- [What to produce]: Output exactly the lines that run from the start of the records to the line with "مغسلة صالون نسائي مع منظم حرارة حامي بارد.", counting both ends, and skip the pictures.
----- Extracted data
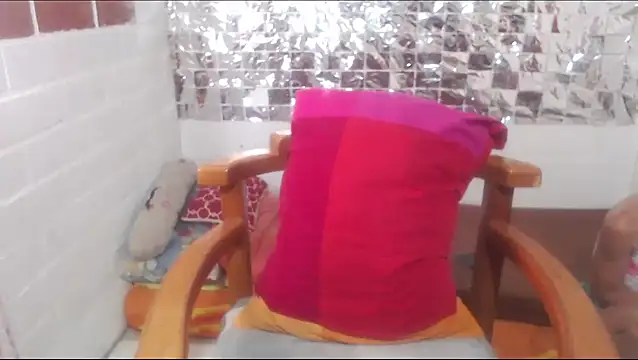 Snapshot of rose-crystal chatting on February 22, 5:44 pm rose-crystal online show from February 22, 5:44 pm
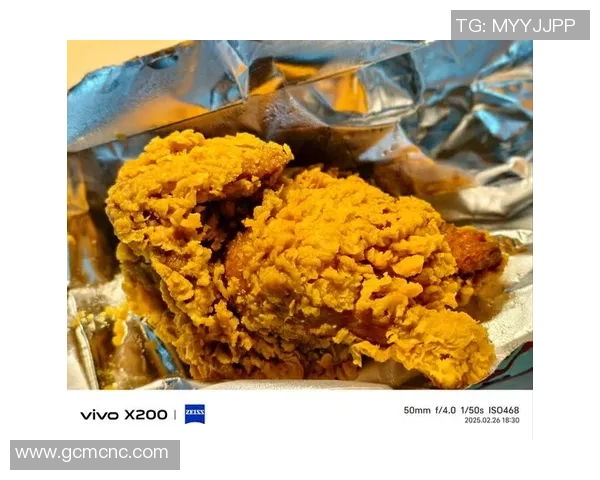 足球巨星赛后休闲时光大曝料原来最爱美味酥脆炸鸡解馋瞬间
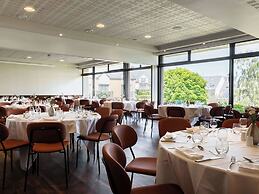 Mercure Omaha Beach Hotel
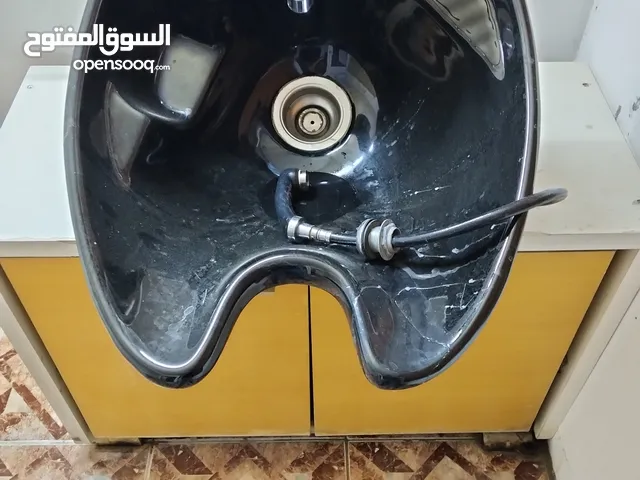 مغسلة صالون نسائي مع منظم حرارة حامي بارد.
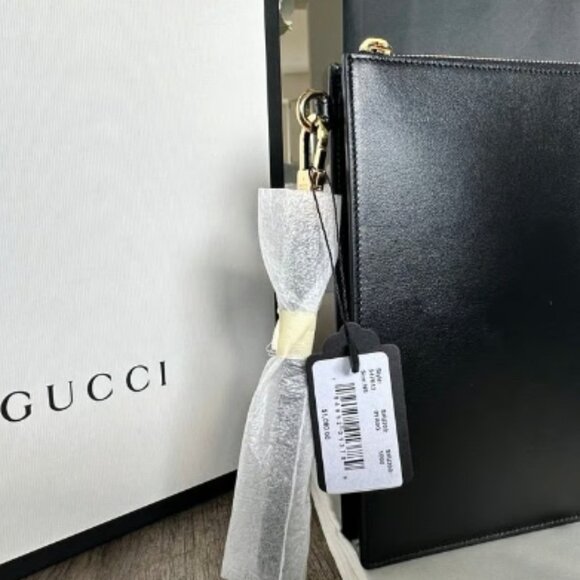 CLASSIC GUCCI SMOOTH BLACK CALF LEATHER POUCH BAG WRISTLET GOLD - Picture 2 of 5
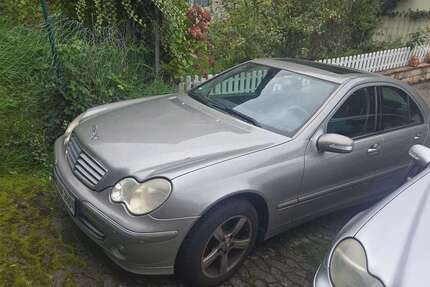 Mercedes-Benz 220 255.000 km 2.200 € Lautertal (Odenwald) 64686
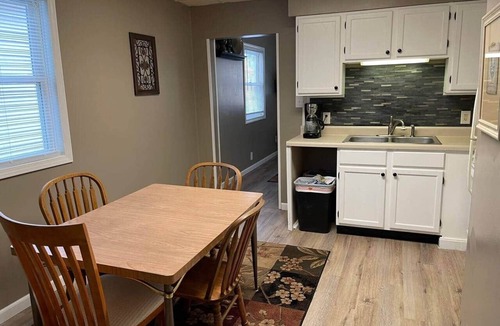 Springfield Apartment | Yang on Sprang - Comfortable 1 bedroom duplex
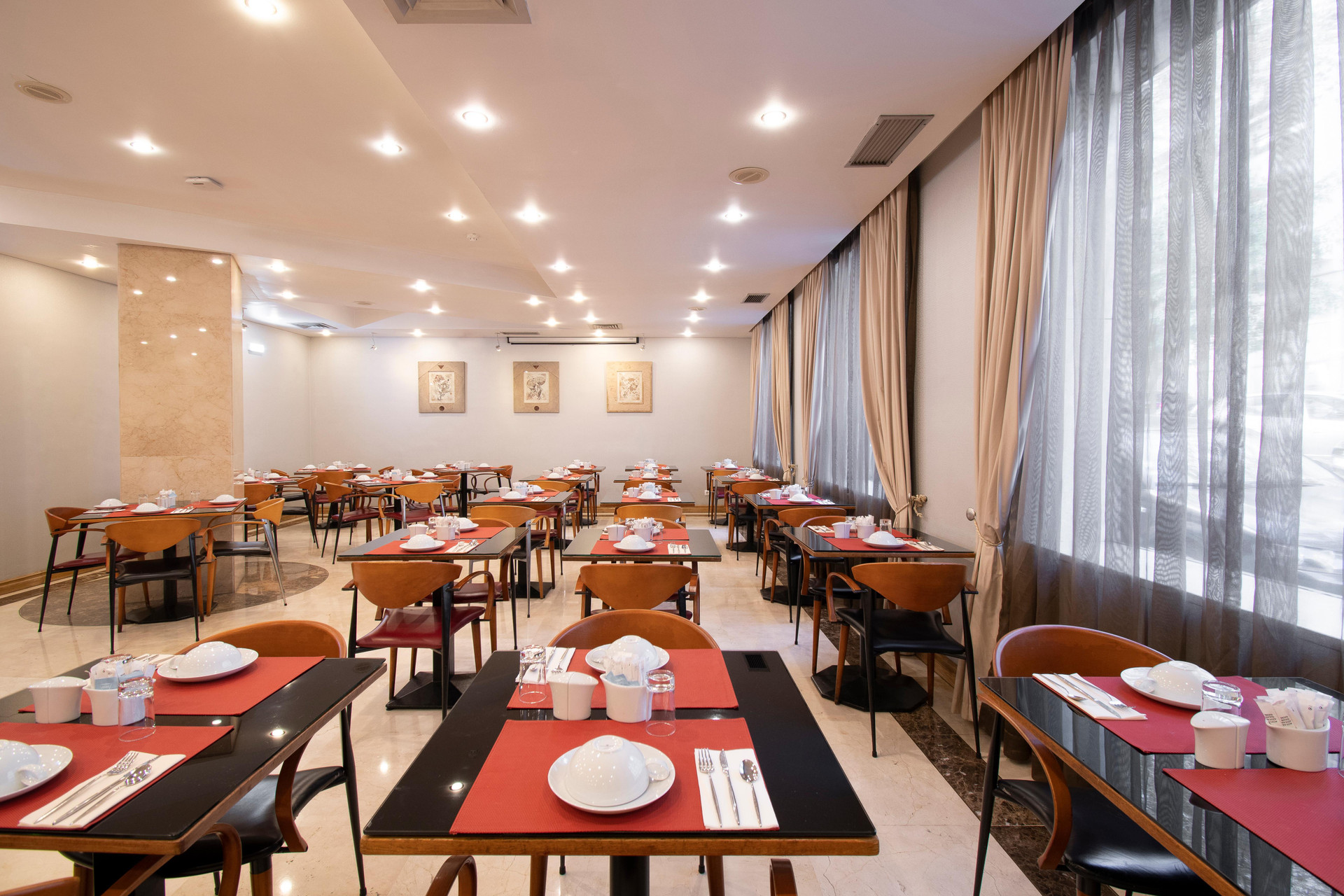 Restaurant SANA Reno Hotel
----------
- [Answer to the exercise]:
 Snapshot of rose-crystal chatting on February 22, 5:44 pm rose-crystal online show from February 22, 5:44 pm
 足球巨星赛后休闲时光大曝料原来最爱美味酥脆炸鸡解馋瞬间
 Mercure Omaha Beach Hotel
 مغسلة صالون نسائي مع منظم حرارة حامي بارد.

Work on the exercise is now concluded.